Insgesamt war die Diskussion mit dem russischen Außenminister positiv. Er erschien mir sehr ernsthaft und sympathisch. Er zeichnete ein Grundverständnis Russlands, das sich als ein großes Land mit Schwierigkeiten, sich in dieser neuen Welt zurecht zu finden, sieht, aber in vielen Bereichen Kooperation mit den Vereinigten Staaten von Amerika und Europa eingegangen ist, aber im eigenen Nahbereich entsprechend autark agieren möchte. Lawrow meinte, dass der Begriff „the near abroad“, also die Nachbarn außerhalb Russlands, ein Begriff sei, den die Bolschewisten eingeführt haben und der nicht mehr gebraucht wird, zumindest nicht in Russland. Ob allerdings die Politik gegenüber den Nachbarn, bei der auch die Abhängigkeiten hervorgehoben werden, schon überwunden ist, ist eine andere Frage.

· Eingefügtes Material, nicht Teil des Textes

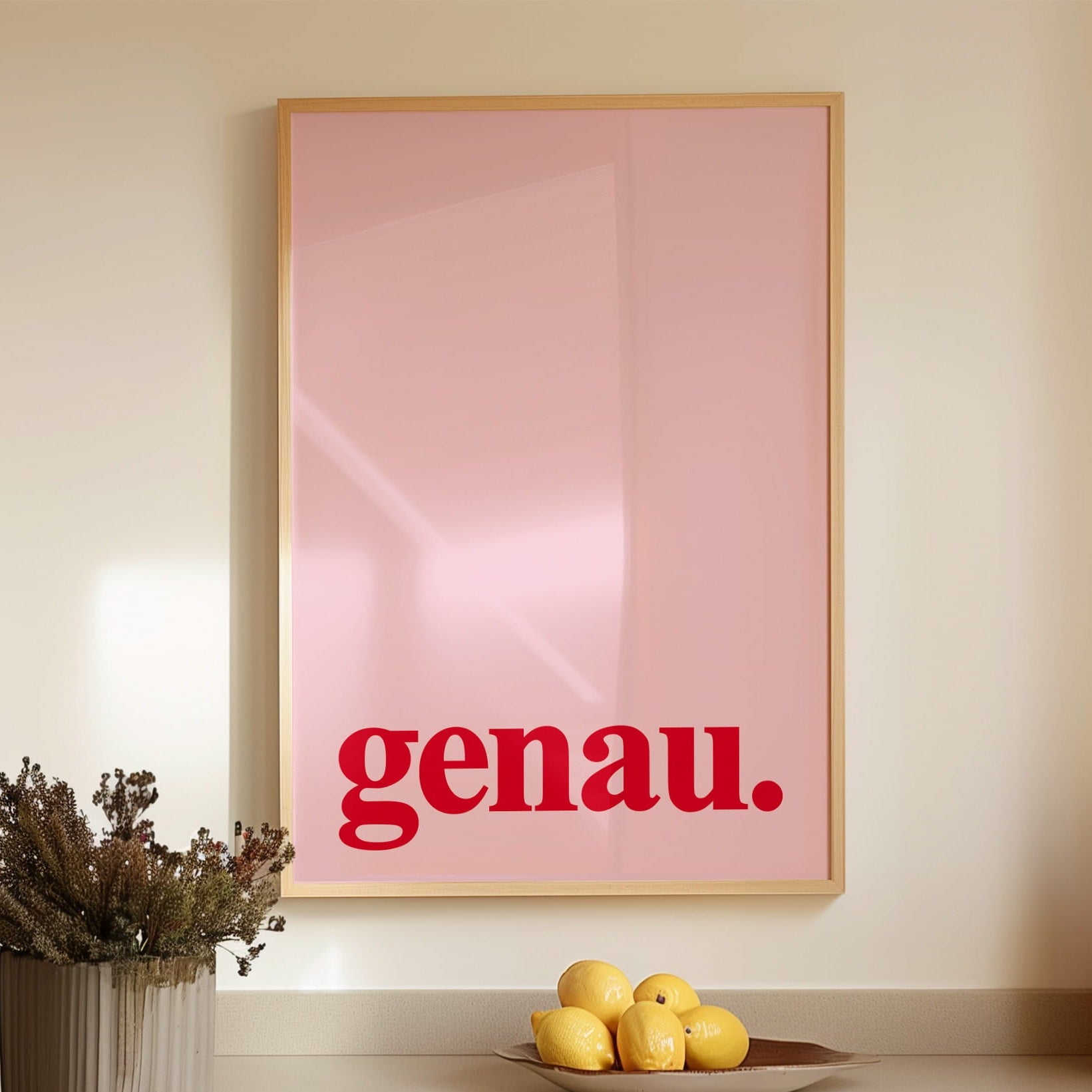 Minimalistisches Küchenposter mit dem Wort "Genau" als schöner Farbakzent in mondernen Küchen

Für mich persönlich war es deshalb interessant, Lawrow zu hören, weil ich in den kommenden Tagen gemeinsam mit meinem Kollegen Jan Marinus Wiersma für die Fraktion nach Georgien und Aserbeidschan fahren werde und erst vor kurzem in Armenien gewesen bin. Diese drei Länder liegen genau in der Zone zwischen Russland und Europa. Geografisch, aber vor allem auch politisch und gesellschaftspolitisch. Insofern kann es bestimmt nicht schaden, ein bisschen Einblick in die Gedankenwelt der russischen Außenpolitik zu haben.